>>>>

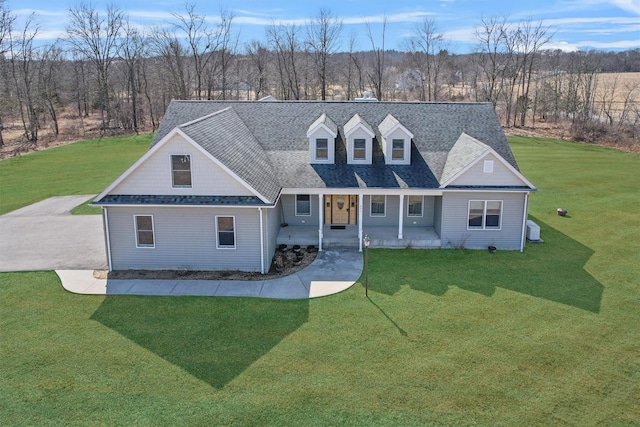 view of front facade featuring a porch, a shingled roof, and a front lawn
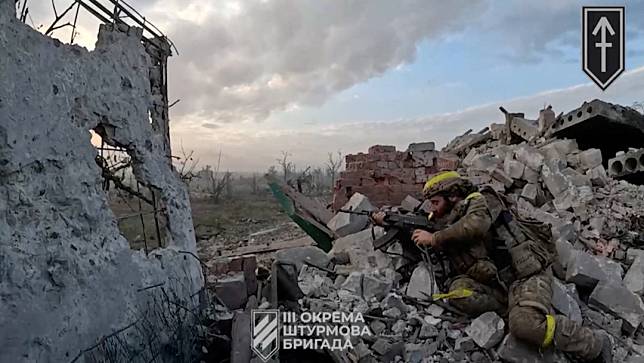 一名烏克蘭軍人16日在甫收復的安德里伊夫卡村持槍戒備。路透社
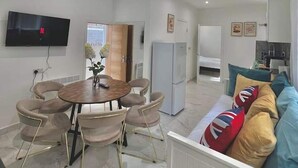 A modern living room with a dining area, a kitchen, and a TV mounted on the wall. - Kings Cross 1 Bedroom Apartment (London)
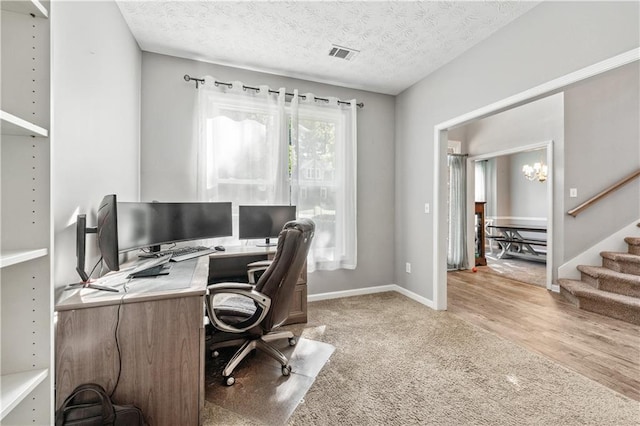 office with light colored carpet, baseboards, a textured ceiling, and light wood-style flooring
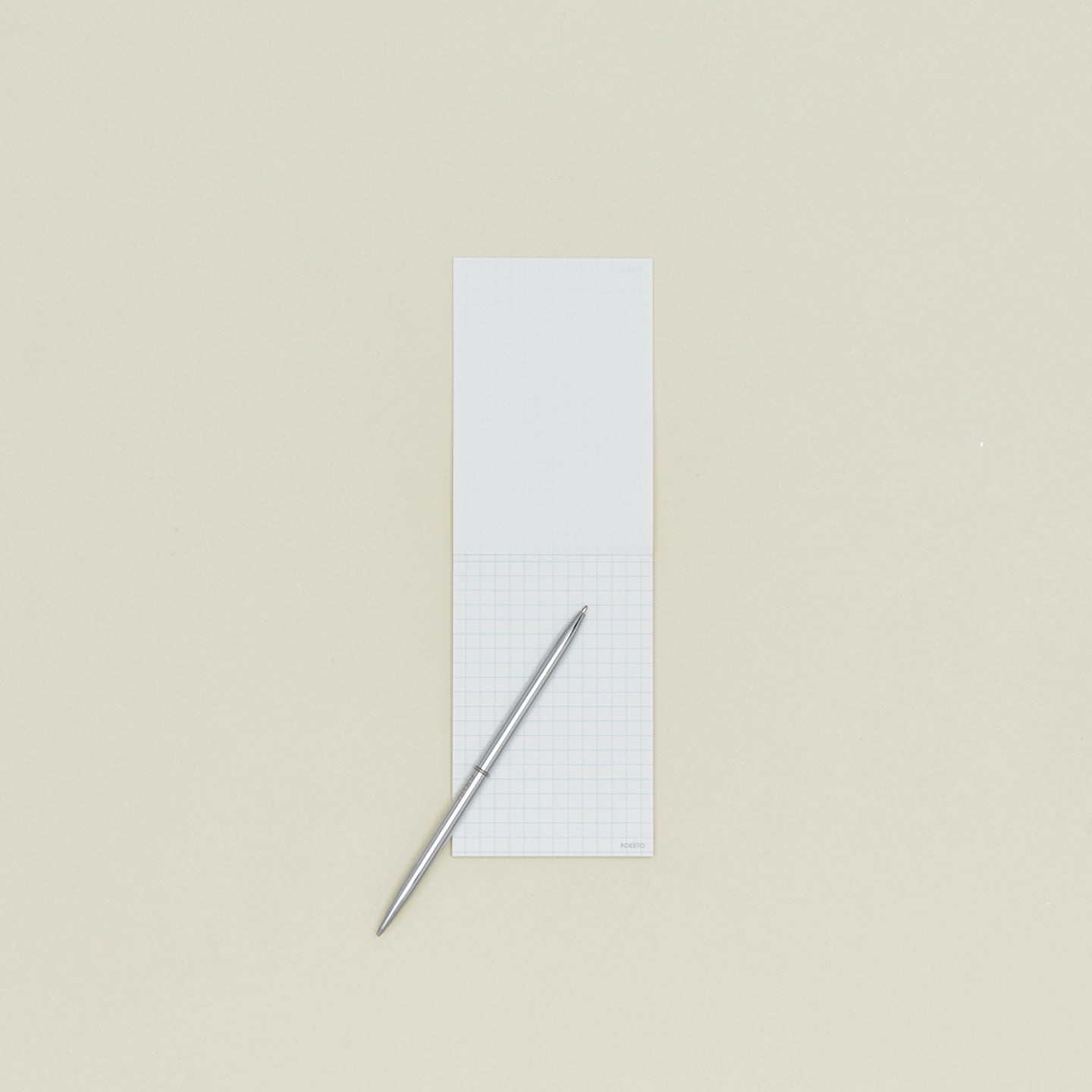 A6 grid notepad open with slim pen
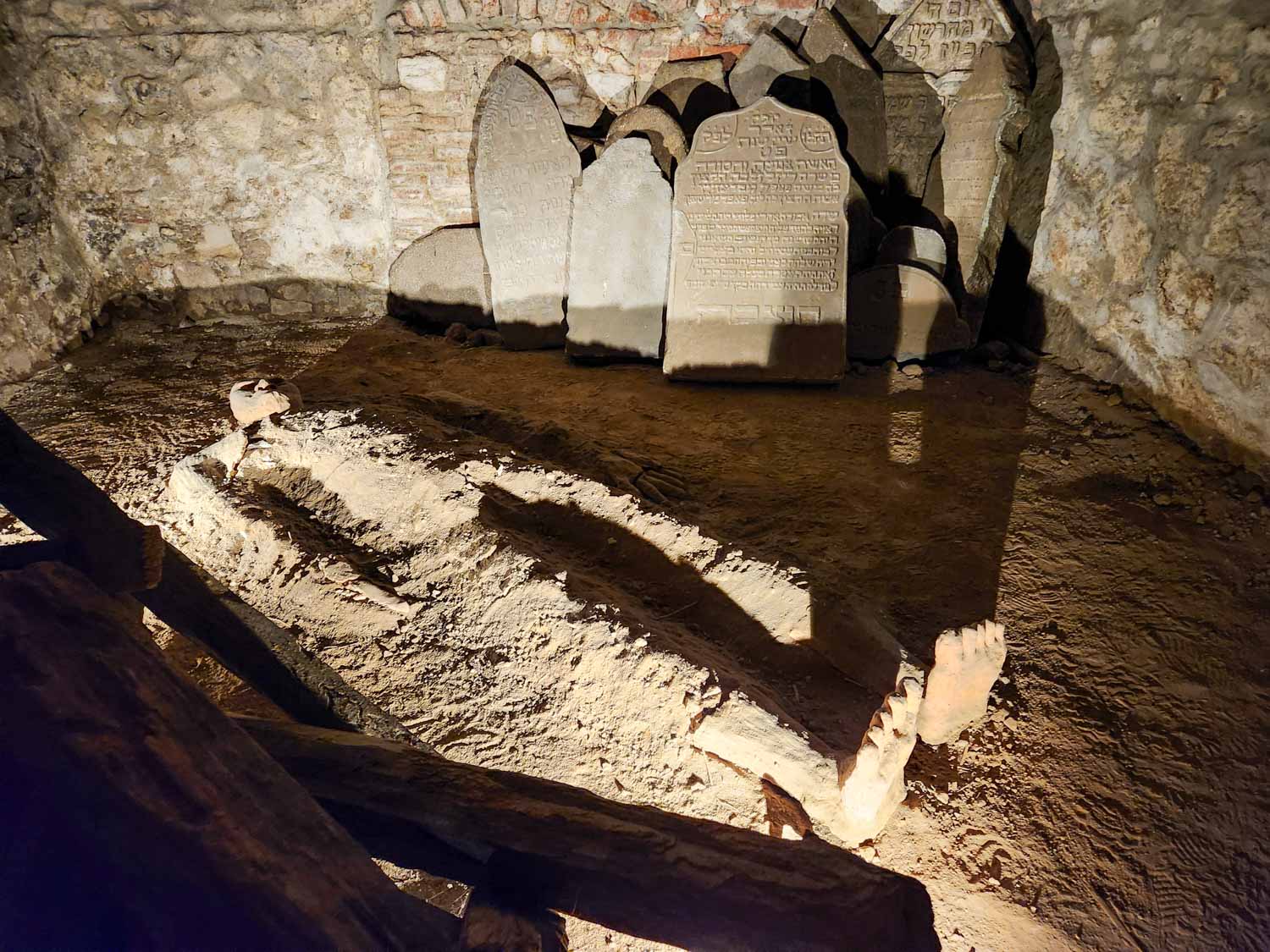 Half-buried figure designed to represent the golem and gravestones in the background at the Museum of Prague Ghosts and Legends - one of the most unusual things to do with kids in Prague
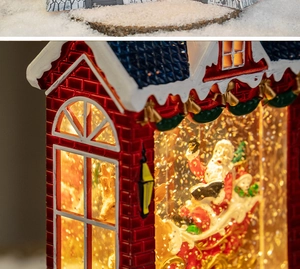 Macro shot of red Christmas house snow globe with Santa sleigh and LED lighting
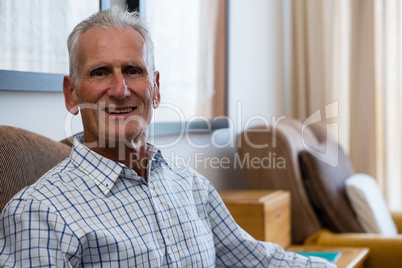 Portrait of senior man relaxing on armchair in nursing home
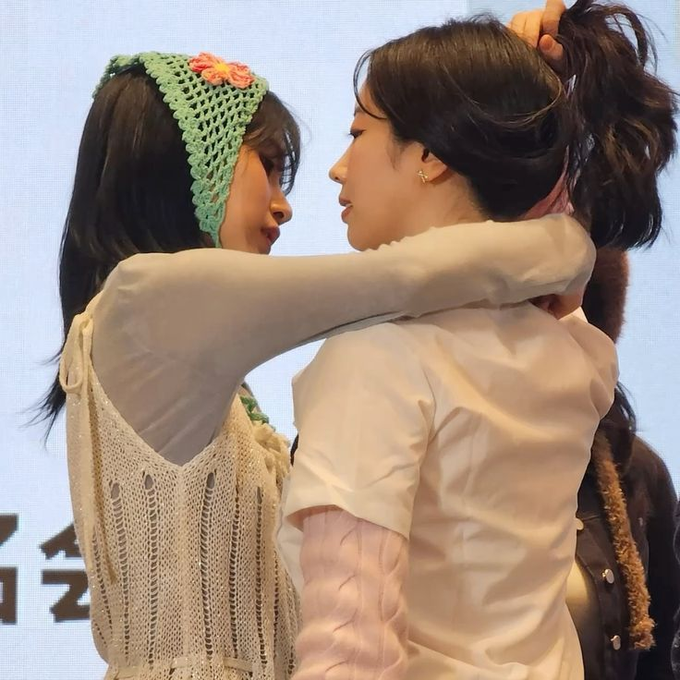 Two young women embracing closely face-to-face at what appears to be an event, one wearing a green crocheted headband with flowers and a cream knit top, the other in a white blouse with her hair in a ponytail.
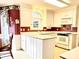 Galley kitchen with white cabinets, and modern appliances at 5486 Kershaw Camden Hwy, Heath Springs, SC 29058
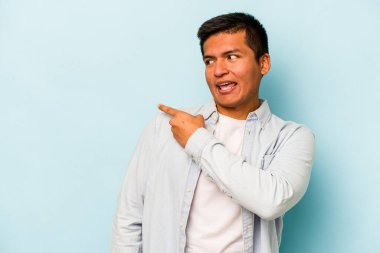Mavi arka planda soyutlanmış genç bir İspanyol gülümsüyor, neşeli ve keyifli görünüyor..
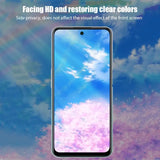 a phone with the sky and clouds in the background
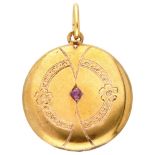 Antique 18K. yellow gold engraved medallion pendant set with natural ruby.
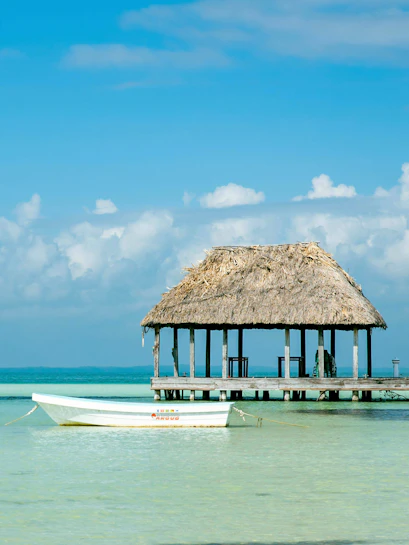Boat near a thatched-roof pier on Isla Holbox, Mexico.
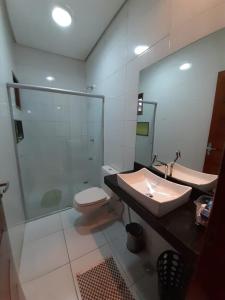 a bathroom with a toilet and a sink and a shower at Casa de Praia Luis Correia in Luis Correia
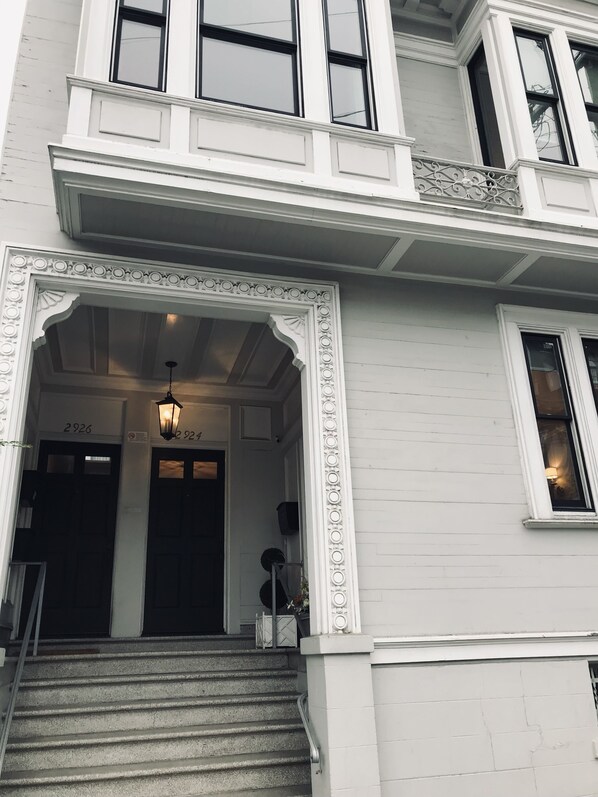 A white building with a grand entrance, a staircase, and a balcony.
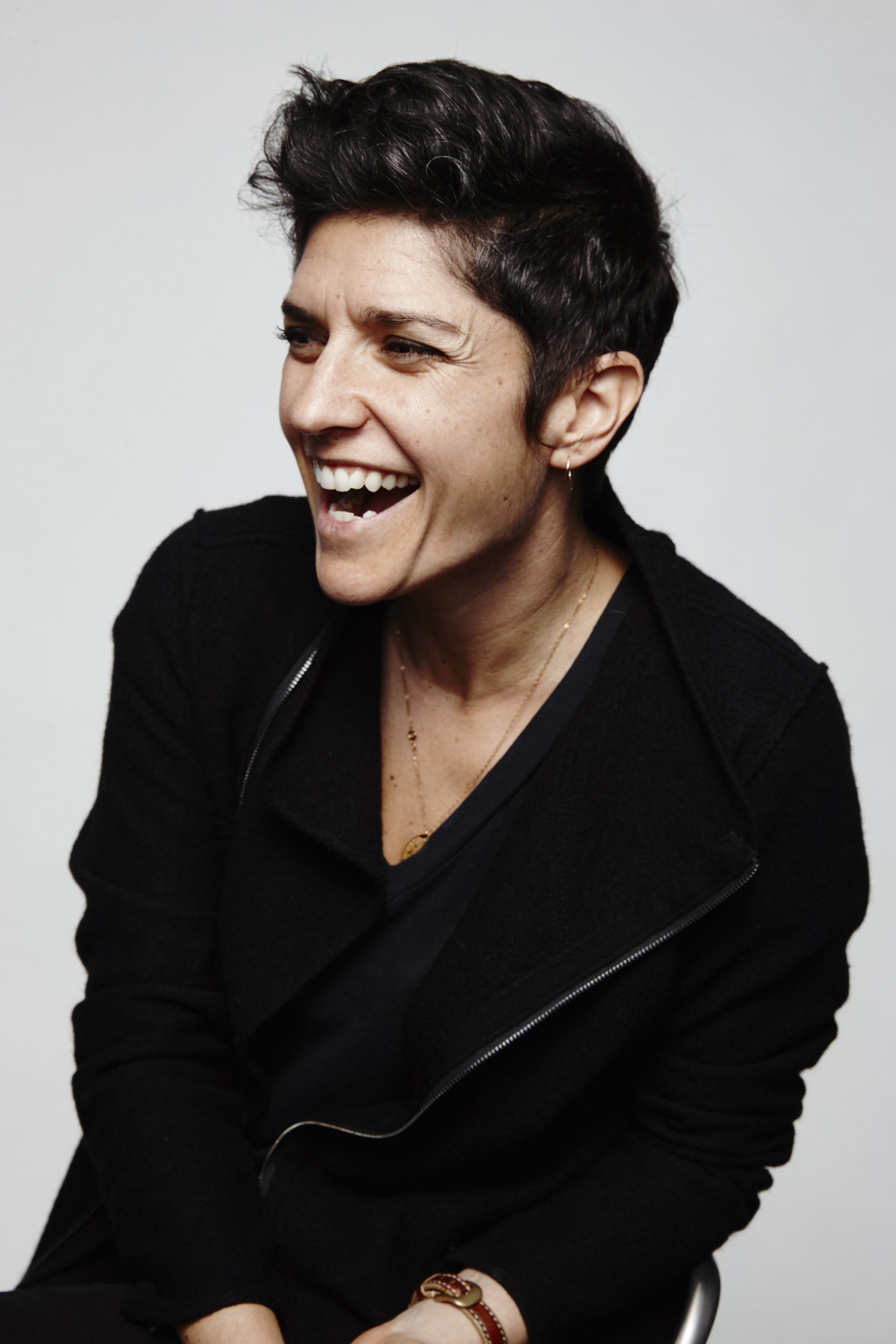 A woman with short dark hair and light skin smiling and laughing, sitting against a white background. She is wearing a black top, gold jewelry, and a brown bracelet.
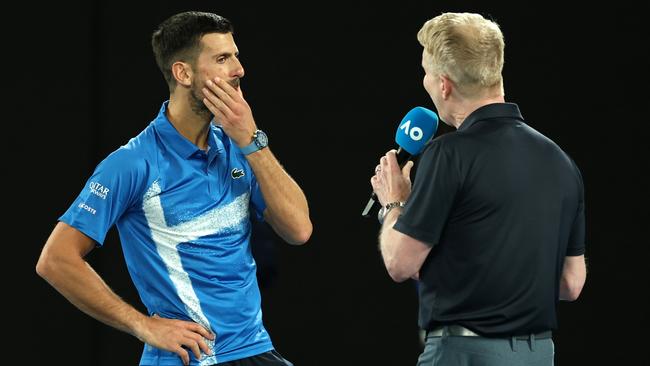 Novak Djokovic is interviewed by Jim Courier on day 10 of the Australian Open. Picture: Getty Images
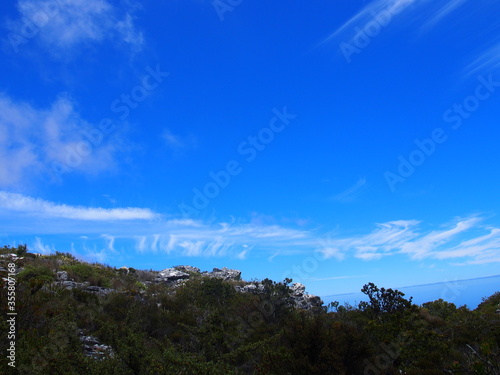 The beautiful blue sky seen from the cliffs of Table Mountain, Cape Town, South Africa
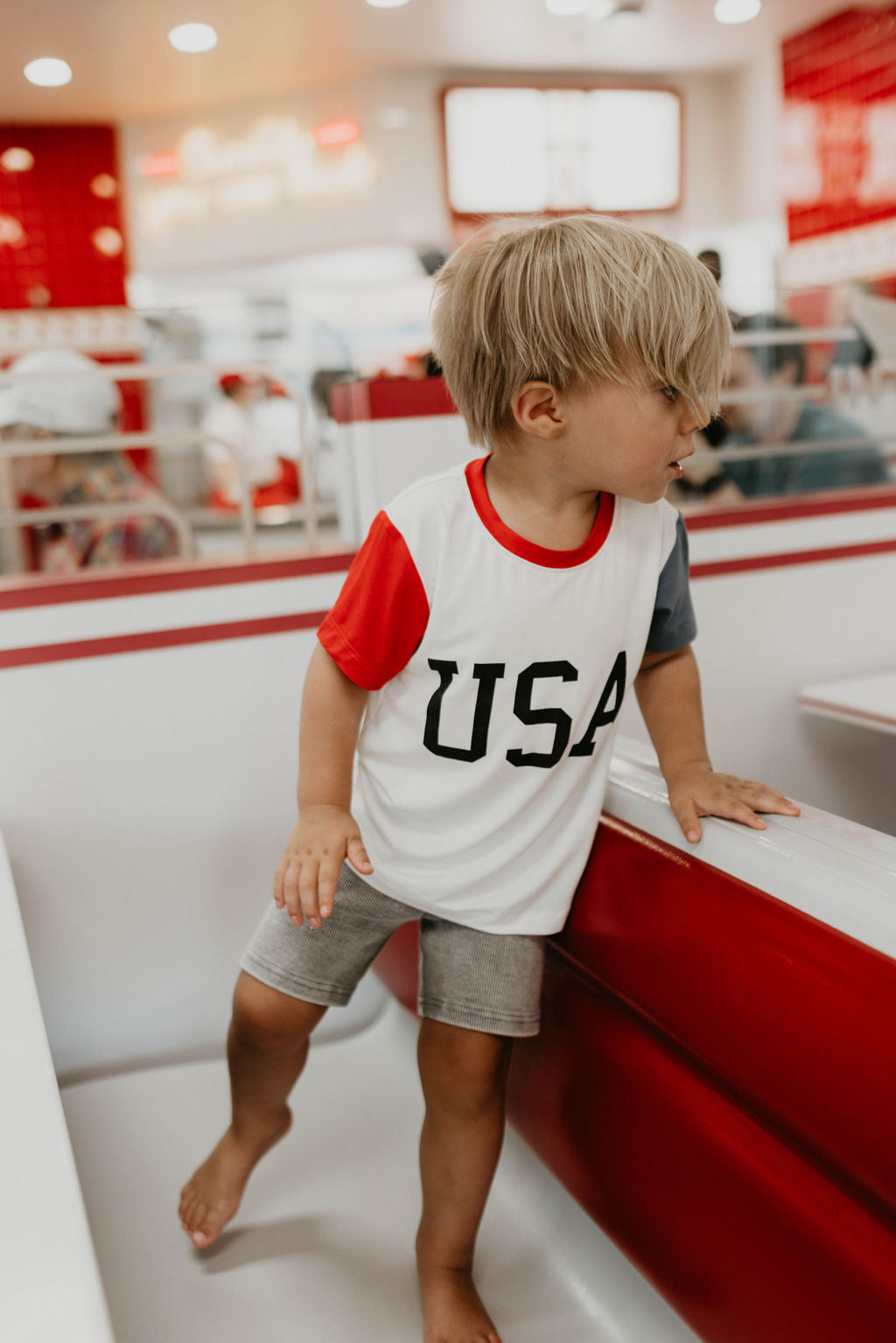 A young child with blonde hair, wearing an eco-friendly Children’s Bamboo T-Shirt by forever french baby with "USA, Land That I Love" printed on the front and gray shorts, stands on the seating area of a bright and modern diner or restaurant. The background shows people dining amidst vibrant red and white decor.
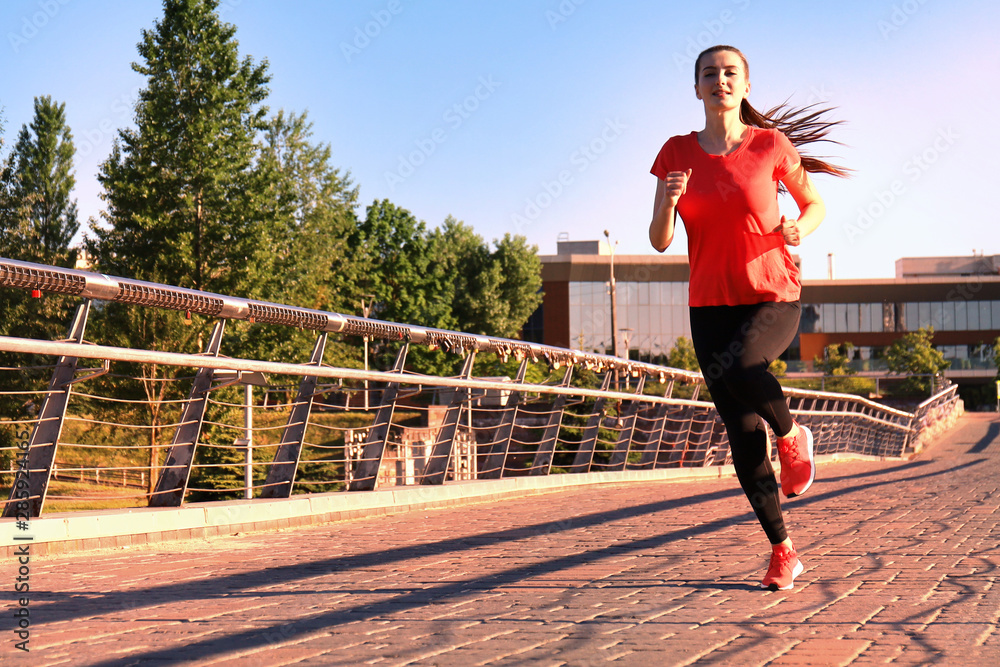 Obraz premium Beautiful young woman in sports clothing running while exercising outdoors.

<<<<

WHAT TO DO –
A word-for-word copy is needed, starting at the first line of the listing and ending with the line bearing "Portrait of senior". No pictures.

TASK OUTPUT –
 view of front facade featuring a porch, a shingled roof, and a front lawn
 一名烏克蘭軍人16日在甫收復的安德里伊夫卡村持槍戒備。路透社
 A modern living room with a dining area, a kitchen, and a TV mounted on the wall. - Kings Cross 1 Bedroom Apartment (London)
 office with light colored carpet, baseboards, a textured ceiling, and light wood-style flooring
 A6 grid notepad open with slim pen
 Half-buried figure designed to represent the golem and gravestones in the background at the Museum of Prague Ghosts and Legends - one of the most unusual things to do with kids in Prague
 Macro shot of red Christmas house snow globe with Santa sleigh and LED lighting
 Portrait of senior man relaxing on armchair in nursing home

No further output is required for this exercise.